Co-op Food chief executive Jo Whitfield also called for a nationwide effort involving the government to make sure no child goes hungry “just because they can’t go to school”.

Charities and academics have called for cash transfers to be given directly to individuals or households “as this is by far the most effective tool in order to aid families to weather the storm”.

They also want provisions put in place to ensure that children in migrant families, including those with no recourse to public funds (where they are unable to claim most benefits) can access these emergency funds.

The charity Feeding Britain has also drawn up contingency plans which include working with a core group of schools in different areas to prepare hot meals for parents whose children are on free school meals to take home.

Education secretary Gavin Williamson said in parliament on Wednesday that the new measures will only apply to pupils on free school meals, not pupils who receive universal infant free school meals (those in reception, year 1 and year 2).

Andy Jolley, school governor and education blogger, said: “Schools will play a key role in supporting families living in food poverty. They will need to focus their efforts on those in greatest need, irrespective of free school meals status. Extra funding is essential, as is reassurance that schools will not be penalised for using it to help hungry families.”

In terms of the cost, Clayton said he is prioritising funding for their free school meal plans, but would look to use reserves if needed.

Lock said that, if he is allowed, he would dip into reserves to help with supermarket vouchers costs. “Many schools don’t have substantial reserves to allocate, and they will have really difficult choices to make,” he said. “Of course, this compromises exciting plans we have for our schools, but keeping the poorest children safe and healthy at this time is more important.”

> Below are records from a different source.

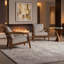 Whitney Lounge Chair with Wood Panel-1330879515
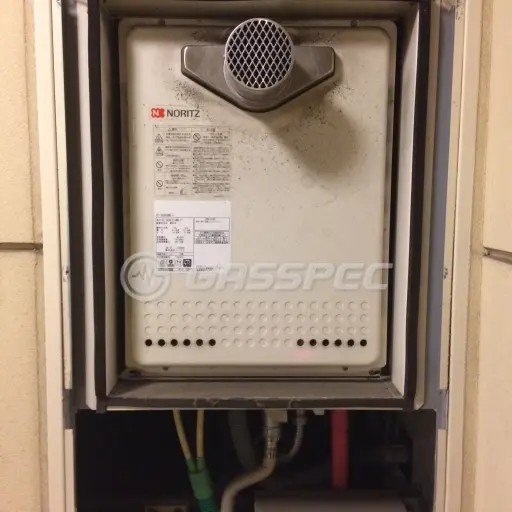 交換前の給湯器（ノーリツ GT-2428SAWX-T）
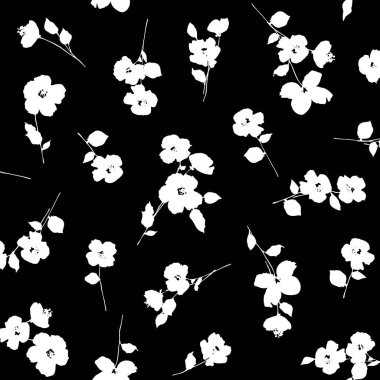 Soyut çiçek deseni tekstil tasarımı için mükemmel.,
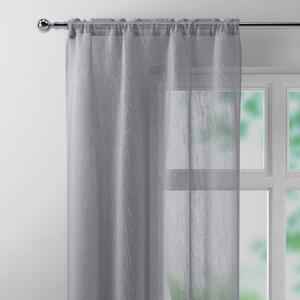 Crushed Grey Slot Top Single Voile Panel Grey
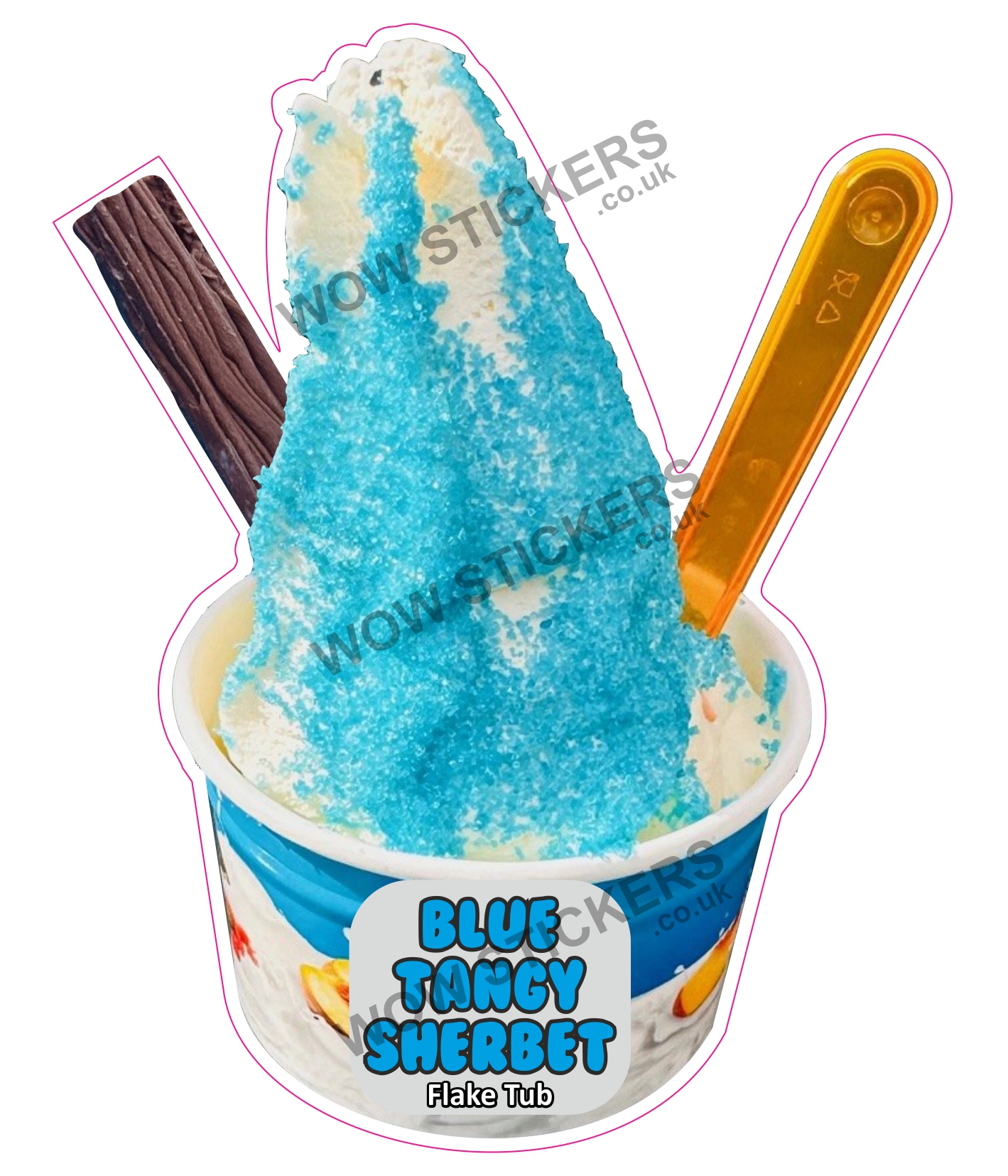 Blue Tangy Sherbet Flake Tub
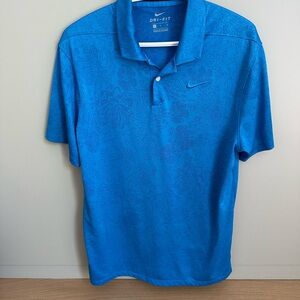 Nike Blue Performance Polo Shirt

As Schools Week went to press, the government said it will issue further guidance “shortly” on how it will compensate schools that incur additional costs when providing meals or vouchers.

Meanwhile, food banks – which often see an increase in the number of parcels provided to children during school holiday periods – have said they will do all they can to support people.

Louise Kinlen, head of pre-prep at S. Anselm’s School in Derbyshire, is helping collect donations from parents to create food hampers for schools in the area. “Schools have got so many decisions to make,” she said. “If I can sort these boxes out and take them to the schools, then it’s one thing that might just help.”

But the Trussell Trust, which supports over 1,200 food banks, said the government should provide an emergency uplift in child benefit to support poorer families.

The government’s guidance stated that schools’ first step should be to contact their in-house catering team or provider to see if they can prepare “meals or food parcels that could be delivered to, or collected by families”.

Those unable to do so should consider using “other local initiatives”, such as local schools acting as a community hub, or a local charity. If not, schools should provide vouchers.

Ben Gadsby, policy and research manager at youth charity Impetus, questioned whether schools could keep kitchens open by using trained staff not currently needed in restaurants and cafes.

“These unprecedented times create big problems that need an equally big response, but we also need to take advantage of systems and process that already exist.”

He also suggested helping the “gig economy” by schools utilising drivers from Deliveroo and Uber Eats to deliver meals for children who aren’t in school – with the government picking up delivery costs.

“Can we even expand all of this to sell additional low-cost lunches to families and others in the community who are in need? This is not easy, and schools will need support. But it’s do-able, and do-able is exactly what we need right now.”